6. Read the contemporary anti-Machine voice

Read Paul Kingsnorth. Kingsnorth is the Orthodox convert and novelist whose Against the Machine: On the Unmaking of Humanity (2026) has become, for a particular cluster of post-Christian and Christian readers, the most influential contemporary statement of the case against the technological civilization that you live inside. He shares much of Thiel’s eschatological frame and reaches almost opposite practical conclusions. The contrast between the two pages is one of the live arguments of the present moment.

Where this leaves you

You should leave this path with three things.

First, the names. Most of what the present tech conversation has been groping toward — eschatology, apocalypse, Antichrist, the religious quality of optimization, the false-salvation structure of the immortality conversation, the soul-formation produced by attention infrastructure — has actually been thought about, in detail, for a long time. Knowing whose names to use is most of getting unstuck.

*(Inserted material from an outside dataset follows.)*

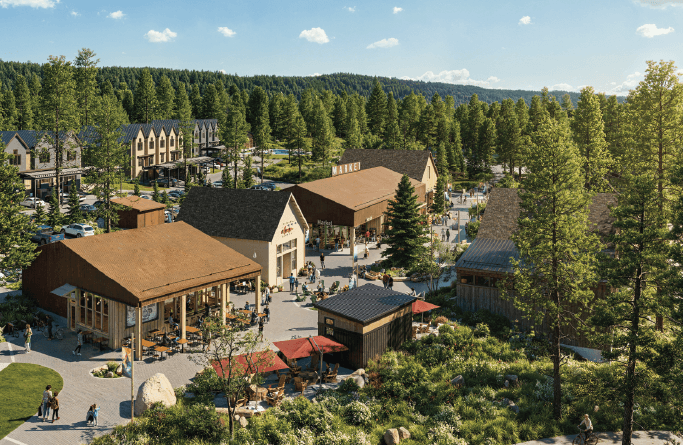 A lively outdoor shopping and dining area with rustic buildings, patio seating, and people walking among pine trees, set against a backdrop of forested hills under a blue sky.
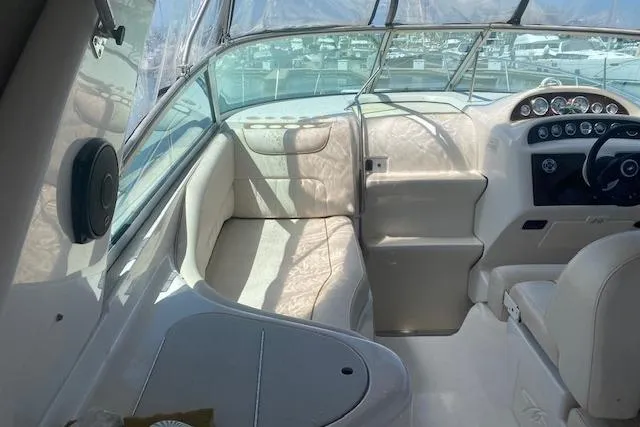 Slide: The Image of Interior of a 2001 Monterey 302 Cruiser boat with beige seating and dashboard. - 5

Second, the live disagreement. The contemporary Christian conversation about technology is not unified. Dessauer, Quinzio, and Thiel argue for the deep alignment of Christianity and technological hope. Francis and Scherz argue for a personalist-sacramental discipline of technological practice. Ellul and Kingsnorth argue that the technological order has become a false religion. None of these positions is the official Christian position because there is no single official Christian position. The argument is real, and the argument is the thing.

Third, a vocabulary your industry has been quietly importing. The next time you hear an AI lab founder talk about “building the kingdom” or “racing against death” or “preventing the Antichrist,” you will know what tradition the phrases are coming from, what they originally meant, and how the tradition itself answers them. That is a serious upgrade to the conversation you are already in.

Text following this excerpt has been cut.